== Records for processing ==

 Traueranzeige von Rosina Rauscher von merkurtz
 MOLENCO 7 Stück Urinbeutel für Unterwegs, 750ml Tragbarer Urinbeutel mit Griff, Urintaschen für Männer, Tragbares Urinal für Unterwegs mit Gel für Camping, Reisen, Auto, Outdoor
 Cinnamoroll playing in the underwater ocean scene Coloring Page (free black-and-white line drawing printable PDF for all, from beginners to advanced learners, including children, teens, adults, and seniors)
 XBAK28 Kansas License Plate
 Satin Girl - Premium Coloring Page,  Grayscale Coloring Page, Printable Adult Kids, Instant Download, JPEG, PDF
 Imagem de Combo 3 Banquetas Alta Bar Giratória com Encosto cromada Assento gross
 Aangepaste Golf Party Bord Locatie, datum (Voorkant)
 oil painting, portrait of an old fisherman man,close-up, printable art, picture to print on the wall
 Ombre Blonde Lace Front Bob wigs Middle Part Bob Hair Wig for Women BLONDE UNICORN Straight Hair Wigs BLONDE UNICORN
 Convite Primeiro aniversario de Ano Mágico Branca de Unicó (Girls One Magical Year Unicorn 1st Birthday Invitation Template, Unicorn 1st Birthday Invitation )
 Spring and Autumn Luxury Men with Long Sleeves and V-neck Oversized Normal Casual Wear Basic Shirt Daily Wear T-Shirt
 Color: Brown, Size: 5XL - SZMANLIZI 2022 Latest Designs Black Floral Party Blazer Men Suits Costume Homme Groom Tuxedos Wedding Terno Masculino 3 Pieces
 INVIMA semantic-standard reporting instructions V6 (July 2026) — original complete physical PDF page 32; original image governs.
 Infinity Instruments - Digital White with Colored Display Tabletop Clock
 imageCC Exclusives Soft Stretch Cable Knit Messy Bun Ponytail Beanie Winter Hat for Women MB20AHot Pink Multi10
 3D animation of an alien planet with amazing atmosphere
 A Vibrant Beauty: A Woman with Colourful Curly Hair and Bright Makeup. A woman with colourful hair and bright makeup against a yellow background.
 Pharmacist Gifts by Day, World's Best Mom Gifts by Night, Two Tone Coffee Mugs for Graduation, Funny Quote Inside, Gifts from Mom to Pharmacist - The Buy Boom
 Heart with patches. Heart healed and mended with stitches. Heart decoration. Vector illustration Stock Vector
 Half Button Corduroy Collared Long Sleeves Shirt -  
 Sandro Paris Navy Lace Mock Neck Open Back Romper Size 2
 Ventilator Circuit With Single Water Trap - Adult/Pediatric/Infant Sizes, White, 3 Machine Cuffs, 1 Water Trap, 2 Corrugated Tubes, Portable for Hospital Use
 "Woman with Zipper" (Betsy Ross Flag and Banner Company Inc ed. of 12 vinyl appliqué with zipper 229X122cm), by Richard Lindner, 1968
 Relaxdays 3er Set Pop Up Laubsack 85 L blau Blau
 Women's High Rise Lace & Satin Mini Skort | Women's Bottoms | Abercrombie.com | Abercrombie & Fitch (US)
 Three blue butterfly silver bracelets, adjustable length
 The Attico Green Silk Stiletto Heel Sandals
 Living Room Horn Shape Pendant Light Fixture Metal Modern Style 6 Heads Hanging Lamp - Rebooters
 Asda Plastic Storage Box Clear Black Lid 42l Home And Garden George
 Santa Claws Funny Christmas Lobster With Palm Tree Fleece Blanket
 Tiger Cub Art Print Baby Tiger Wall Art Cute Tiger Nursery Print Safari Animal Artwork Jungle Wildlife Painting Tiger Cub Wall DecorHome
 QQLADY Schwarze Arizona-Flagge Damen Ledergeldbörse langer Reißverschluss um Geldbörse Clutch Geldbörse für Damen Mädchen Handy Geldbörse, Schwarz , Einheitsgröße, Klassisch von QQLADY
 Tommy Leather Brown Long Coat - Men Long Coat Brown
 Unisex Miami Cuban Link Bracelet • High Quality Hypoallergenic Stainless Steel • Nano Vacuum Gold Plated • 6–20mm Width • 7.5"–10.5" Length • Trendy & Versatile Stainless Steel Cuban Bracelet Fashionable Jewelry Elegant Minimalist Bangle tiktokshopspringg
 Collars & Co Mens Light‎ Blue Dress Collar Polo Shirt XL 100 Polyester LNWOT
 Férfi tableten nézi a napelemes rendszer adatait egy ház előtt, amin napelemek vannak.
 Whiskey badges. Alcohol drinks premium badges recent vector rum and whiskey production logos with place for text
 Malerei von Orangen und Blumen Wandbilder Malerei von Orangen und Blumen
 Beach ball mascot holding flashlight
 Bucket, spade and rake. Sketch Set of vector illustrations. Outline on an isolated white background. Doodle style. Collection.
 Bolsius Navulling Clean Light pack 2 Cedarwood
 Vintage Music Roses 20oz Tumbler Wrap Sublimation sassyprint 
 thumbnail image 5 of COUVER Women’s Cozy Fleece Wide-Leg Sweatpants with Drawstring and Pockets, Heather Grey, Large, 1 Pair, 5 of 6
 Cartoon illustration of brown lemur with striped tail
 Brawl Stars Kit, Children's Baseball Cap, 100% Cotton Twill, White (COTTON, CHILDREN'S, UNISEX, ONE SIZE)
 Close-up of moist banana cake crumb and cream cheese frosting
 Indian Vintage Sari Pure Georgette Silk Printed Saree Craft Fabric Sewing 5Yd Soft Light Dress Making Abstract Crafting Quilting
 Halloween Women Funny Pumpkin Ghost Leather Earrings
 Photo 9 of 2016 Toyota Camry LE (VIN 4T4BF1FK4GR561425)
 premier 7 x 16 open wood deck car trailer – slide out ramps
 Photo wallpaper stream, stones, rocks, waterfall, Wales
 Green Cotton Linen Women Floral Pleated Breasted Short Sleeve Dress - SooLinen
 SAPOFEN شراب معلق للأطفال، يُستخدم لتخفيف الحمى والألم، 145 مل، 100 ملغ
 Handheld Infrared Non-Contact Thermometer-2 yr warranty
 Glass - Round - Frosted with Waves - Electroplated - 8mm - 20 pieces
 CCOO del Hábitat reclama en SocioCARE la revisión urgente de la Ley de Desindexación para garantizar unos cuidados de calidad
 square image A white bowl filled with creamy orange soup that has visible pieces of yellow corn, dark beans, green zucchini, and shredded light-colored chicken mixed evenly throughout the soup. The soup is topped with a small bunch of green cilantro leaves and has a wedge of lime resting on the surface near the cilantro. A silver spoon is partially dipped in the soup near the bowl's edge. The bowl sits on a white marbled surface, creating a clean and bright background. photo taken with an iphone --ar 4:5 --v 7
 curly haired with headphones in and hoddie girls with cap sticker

===

> **About this exercise**: Find the line with "Cinnamoroll playing in" in the entries above. Retype it and each line after it, exactly, through the line with "Heart with patches.", and stop there.

> **Solution to the problem**:
 Cinnamoroll playing in the underwater ocean scene Coloring Page (free black-and-white line drawing printable PDF for all, from beginners to advanced learners, including children, teens, adults, and seniors)
 XBAK28 Kansas License Plate
 Satin Girl - Premium Coloring Page,  Grayscale Coloring Page, Printable Adult Kids, Instant Download, JPEG, PDF
 Imagem de Combo 3 Banquetas Alta Bar Giratória com Encosto cromada Assento gross
 Aangepaste Golf Party Bord Locatie, datum (Voorkant)
 oil painting, portrait of an old fisherman man,close-up, printable art, picture to print on the wall
 Ombre Blonde Lace Front Bob wigs Middle Part Bob Hair Wig for Women BLONDE UNICORN Straight Hair Wigs BLONDE UNICORN
 Convite Primeiro aniversario de Ano Mágico Branca de Unicó (Girls One Magical Year Unicorn 1st Birthday Invitation Template, Unicorn 1st Birthday Invitation )
 Spring and Autumn Luxury Men with Long Sleeves and V-neck Oversized Normal Casual Wear Basic Shirt Daily Wear T-Shirt
 Color: Brown, Size: 5XL - SZMANLIZI 2022 Latest Designs Black Floral Party Blazer Men Suits Costume Homme Groom Tuxedos Wedding Terno Masculino 3 Pieces
 INVIMA semantic-standard reporting instructions V6 (July 2026) — original complete physical PDF page 32; original image governs.
 Infinity Instruments - Digital White with Colored Display Tabletop Clock
 imageCC Exclusives Soft Stretch Cable Knit Messy Bun Ponytail Beanie Winter Hat for Women MB20AHot Pink Multi10
 3D animation of an alien planet with amazing atmosphere
 A Vibrant Beauty: A Woman with Colourful Curly Hair and Bright Makeup. A woman with colourful hair and bright makeup against a yellow background.
 Pharmacist Gifts by Day, World's Best Mom Gifts by Night, Two Tone Coffee Mugs for Graduation, Funny Quote Inside, Gifts from Mom to Pharmacist - The Buy Boom
 Heart with patches. Heart healed and mended with stitches. Heart decoration. Vector illustration Stock Vector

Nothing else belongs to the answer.